First, pick out a journal that speaks to you. I like to think my journal looks classy with its marble and gold features. After you have a journal you are not going to get tired of seeing day after day for about a year, gather your supplies. I like to use pens and markers for my colors, but any coloring utensil works. I’m talking colored pencils, crayons; I don’t know, maybe oil pastels? You name it. You are also going to want a ruler, a regular pencil with an eraser, and like I said earlier: lots of Wite-out. 

So now we open the journal and you have a blank page, what do you do? Here are some tips: every bullet journal needs a title page like simply “2020”, and for each month, the month also has a title page (my examples are my May pages of this year). So there is a “May” or “May 2020” page, whichever you prefer. Each title page has a theme which makes sense to the month. My May page is bees and honeycombs, a spring/summer sort of vibe since this is the last month of school. 

Then it’s time for some good, new-fashioned self help. Some people also use their journals as planners, so there are entire spreads for that. I, however, do not. I have a mood tracker page which is mountains and each day is a ray in a sunrise. You color in the ray every day. I have done flies in a mason jar. I’ve seen someone do lemon slices before. The possibilities are endless. Then I had specific habits to track, both good and bad. There were four categories, each ranging from having 3-7 habits in them. 

Mental and spiritual habits will obviously be different for everyone based on their religion and many other aspects. Do you have trouble praying? Track it.
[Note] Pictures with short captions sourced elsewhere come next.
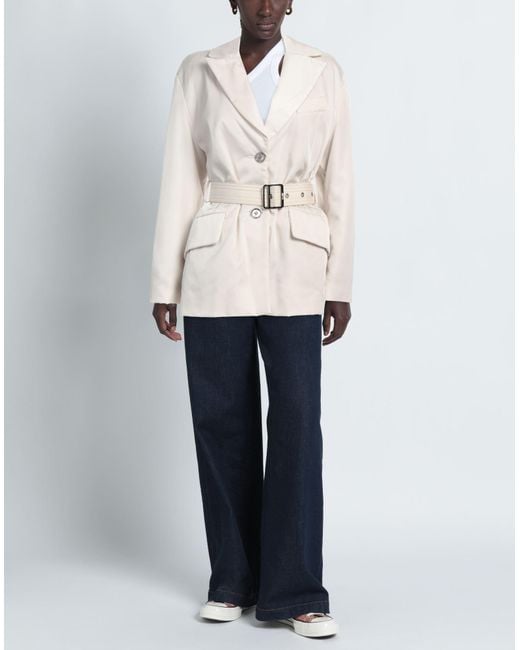 Moorer White Jacket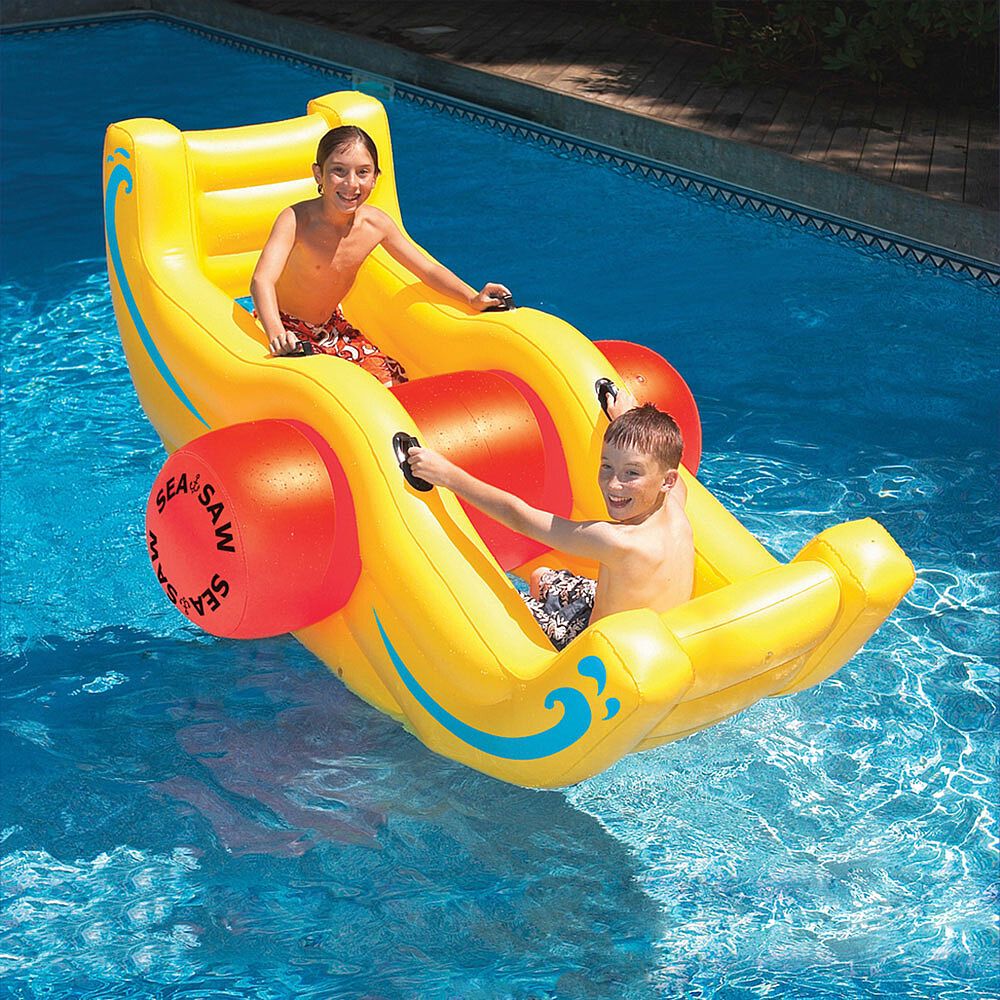 Inflatable pool toys r us store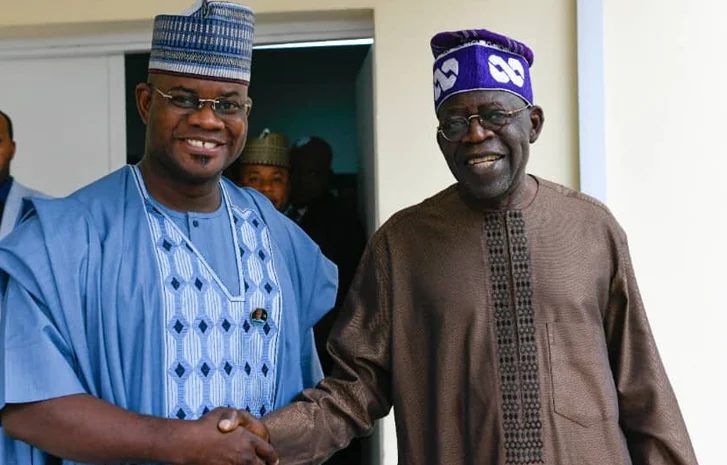 Governor Yahaya Bello Reveals Plan For Tinubu, Next Political Ambition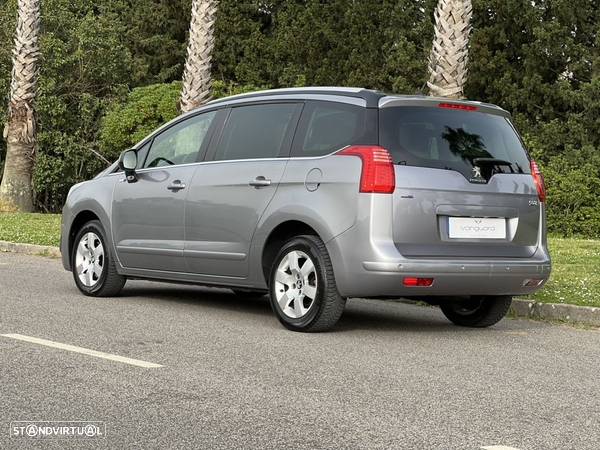 Peugeot 5008 BlueHDI 120 Stop & Start Style - 9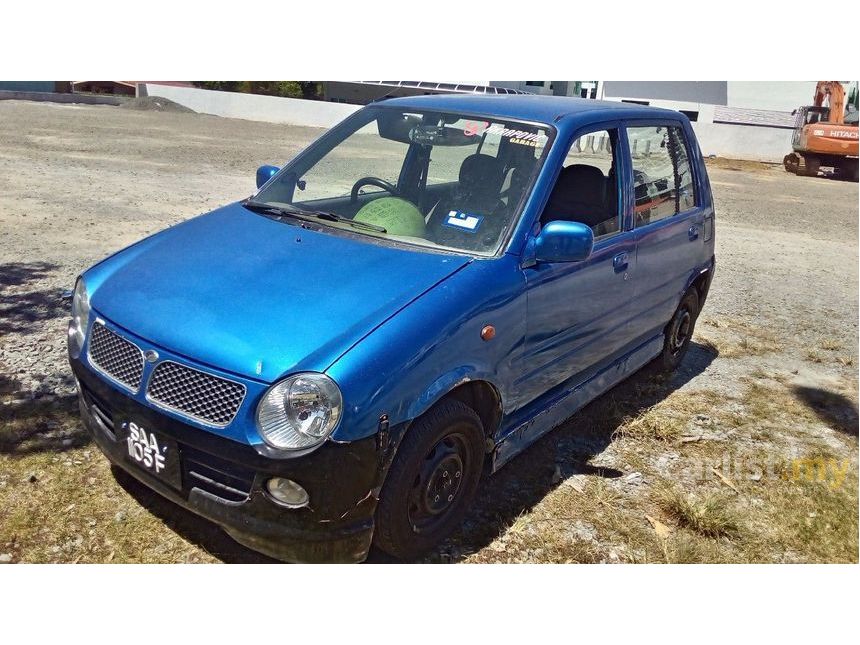 Terpakai 2004 Perodua Kancil 1000cc Ej1 Carlist My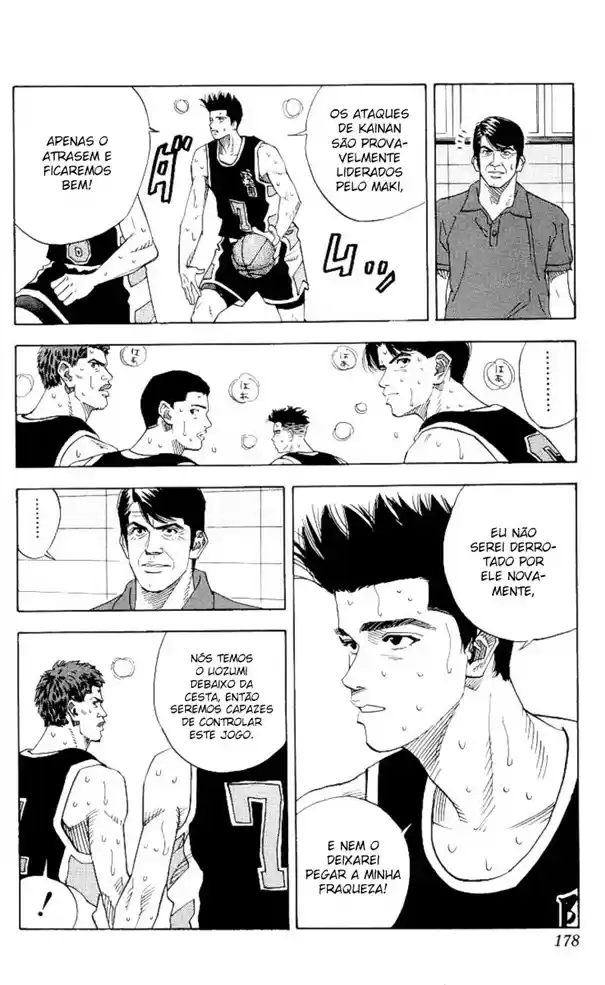 Read Slam Dunk (pt) Manga Online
I am tracking praying, meditating, reading my Bible, writing in my gratitude journal, spending quality time with my pets (because this supports better emotional well-being), and reading at least one chapter of a book.
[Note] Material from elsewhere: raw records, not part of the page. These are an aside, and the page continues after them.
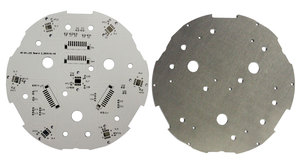 Mcpcb แกนโลหะ PCB สำหรับ cob นำความร้อนสูง - Product Image 5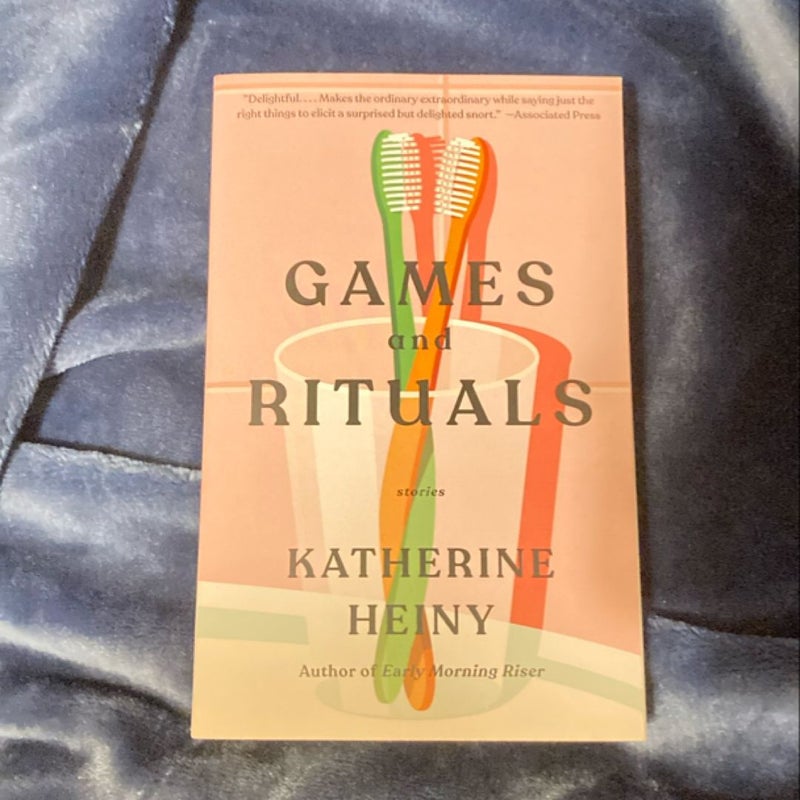 Games and Rituals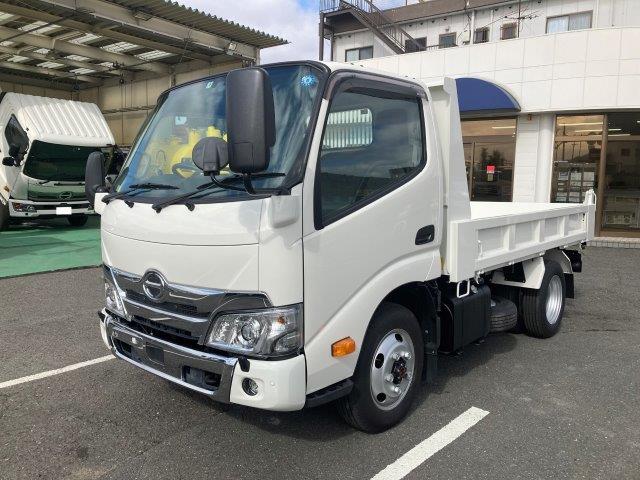 日野 デュトロ 小型 ダンプ 10尺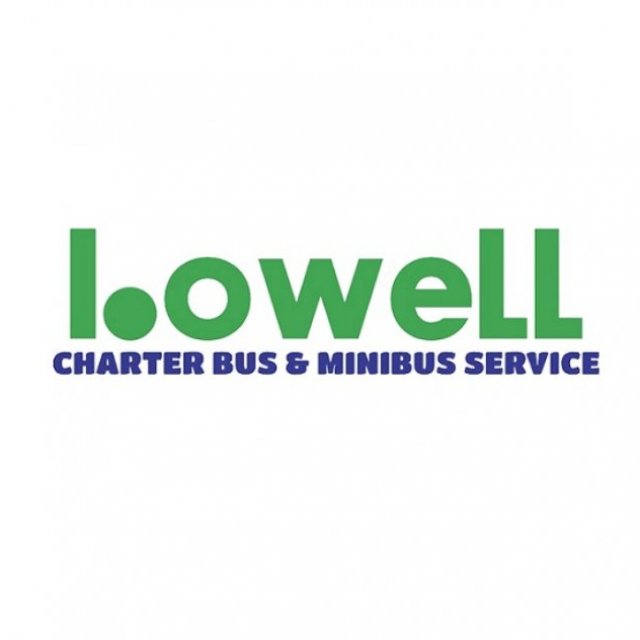 Charter Bus Lowell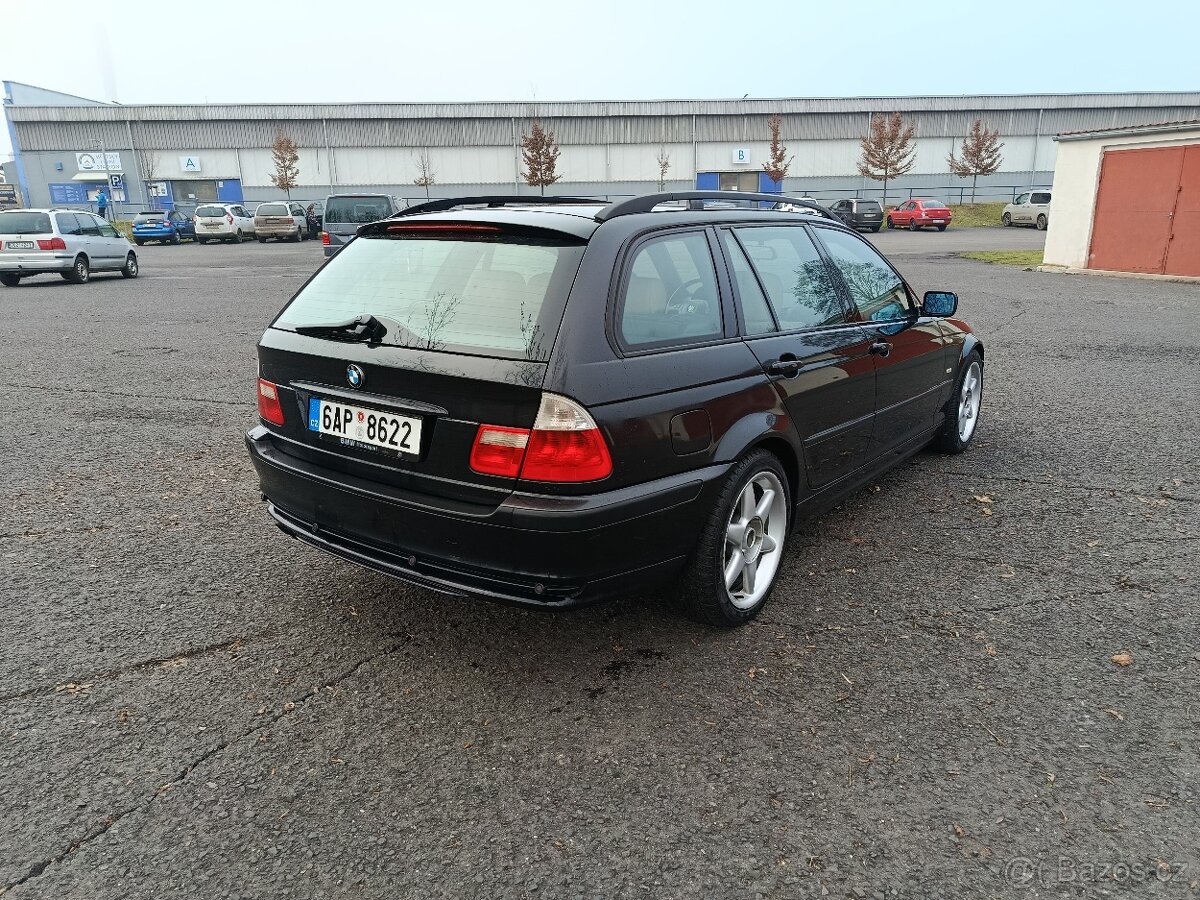 E46 320i touring - 11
Health habits are based on what you are trying to change. I am trying to lose weight so I am tracking things like exercising, water intake, eating well, and not drinking soda or energy drinks. On the same track, my next category is just good habits in general. This includes schoolwork, taking showers, acts of self-care, cleaning, and working. For working I left the check-boxes blank instead of writing numbers to color in because there are more things that could happen than just “Yes I worked” or “No I didn’t.” I could have not been scheduled, I could have called off, and I also wanted to track when I took an extra shift. 
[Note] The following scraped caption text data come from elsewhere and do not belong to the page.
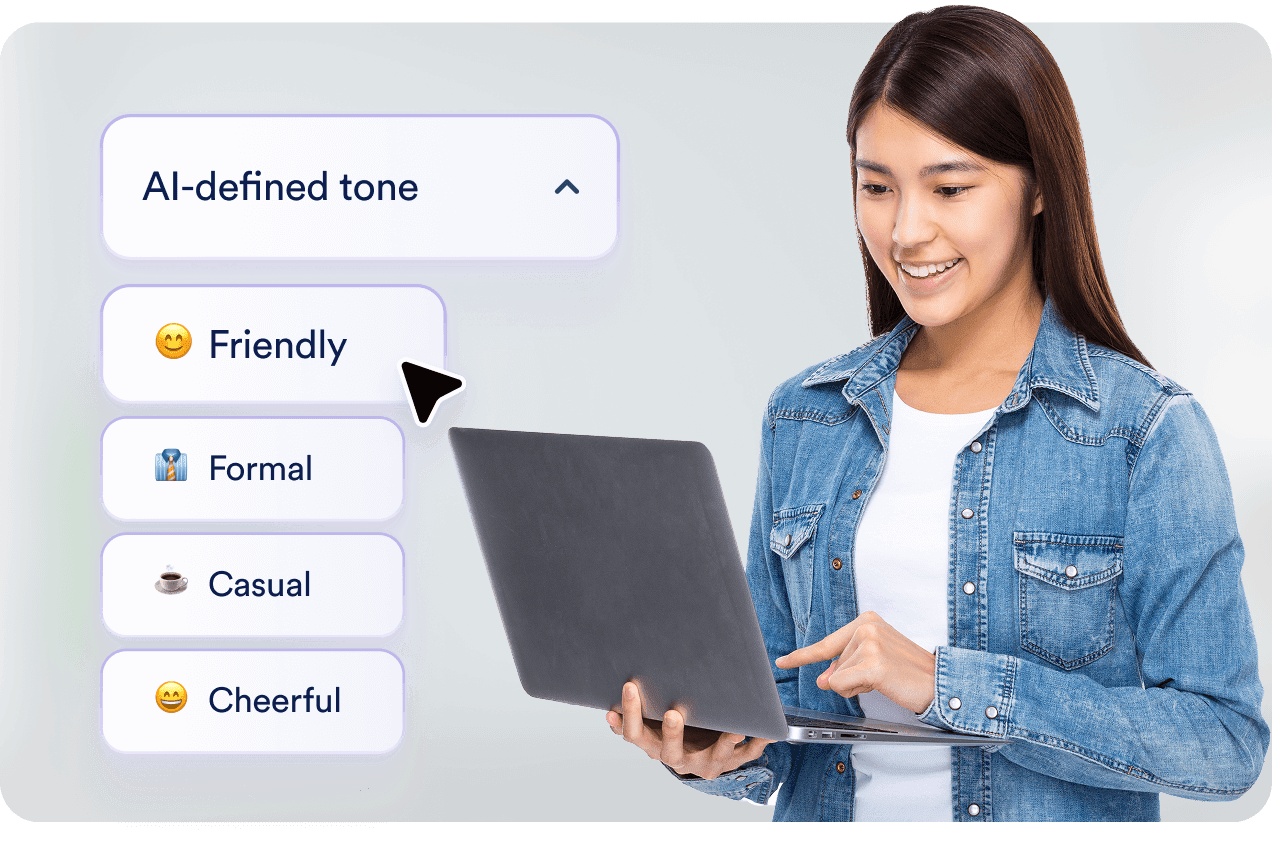 Optimized for every audience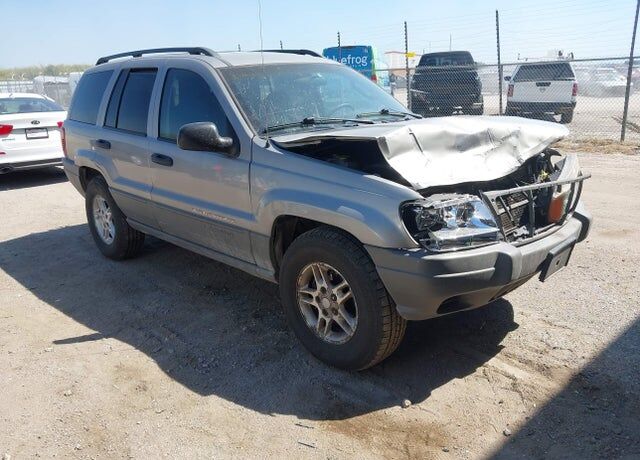 2002 JEEP Grand Cherokee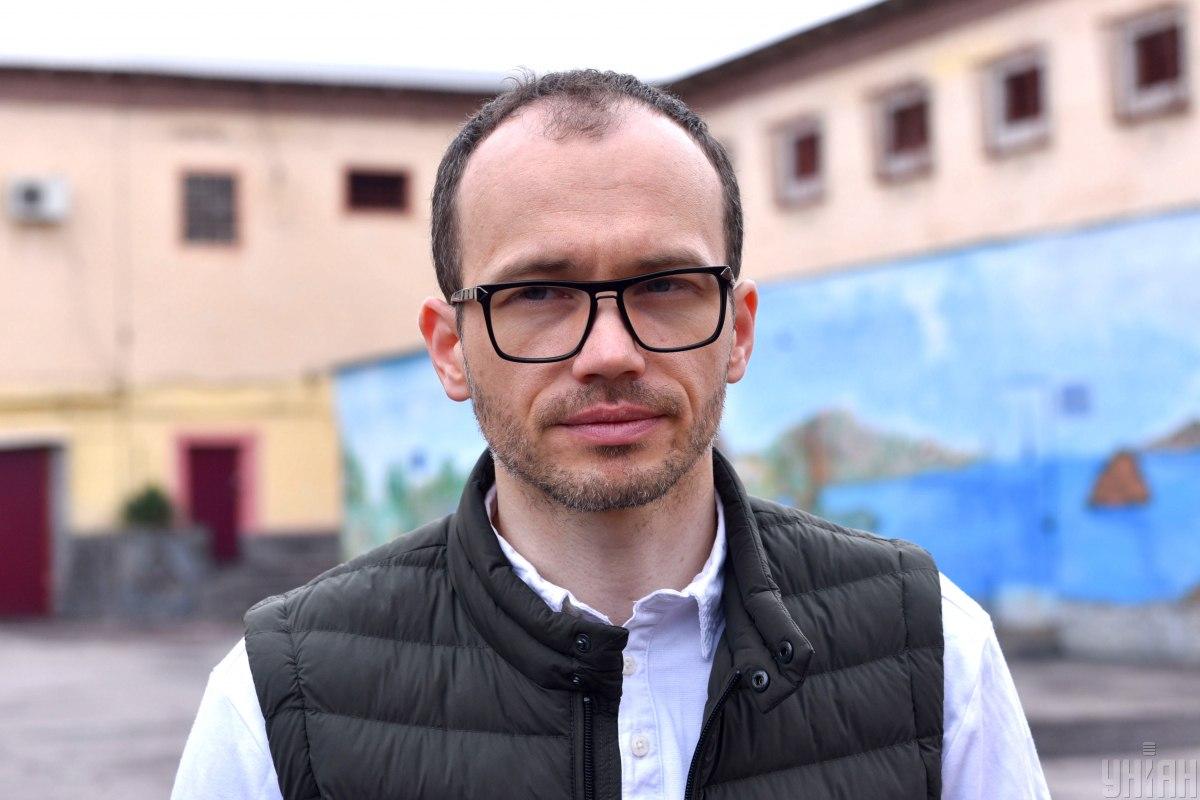 Малюська виступає за мобілізацію ув'язнених та чоловіків з судимістю/ фото УНІАН Малюська виступає за мобілізацію ув'язнених та чоловіків з судимістю/ фото УНІАН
The last category is bad habits. I’m tracking crying, binge shopping, and binge-watching shows. I’m sure there are many other bad habits I have that my friends and family could tell me I have, these are just the ones I notice and personally want to fix. Some other spreads that can be made are finance spreads (there are many ways to implement these), best thing that happened each day spreads, goals spreads, or a sleep log. There are, of course, so many more to make. 

In the end, anyone can do it and everyone should do it. It boosts creativity and organization, motivates us to accomplish our goals, it’s customizable

Morgan Kromer

 to your lifestyle and budget, and inspires productivity. It’s not only a tracker for your current short term progress, but a record of long term progress. You think and work better on paper than with apps or even just the notes section of your phone. It isn’t even about how it looks, it’s about how you progress with it. The beauty is, it’s yours. No one can tell you what does or doesn’t belong or that you’re doing it wrong because as long as you’re improving yourself, you did it right.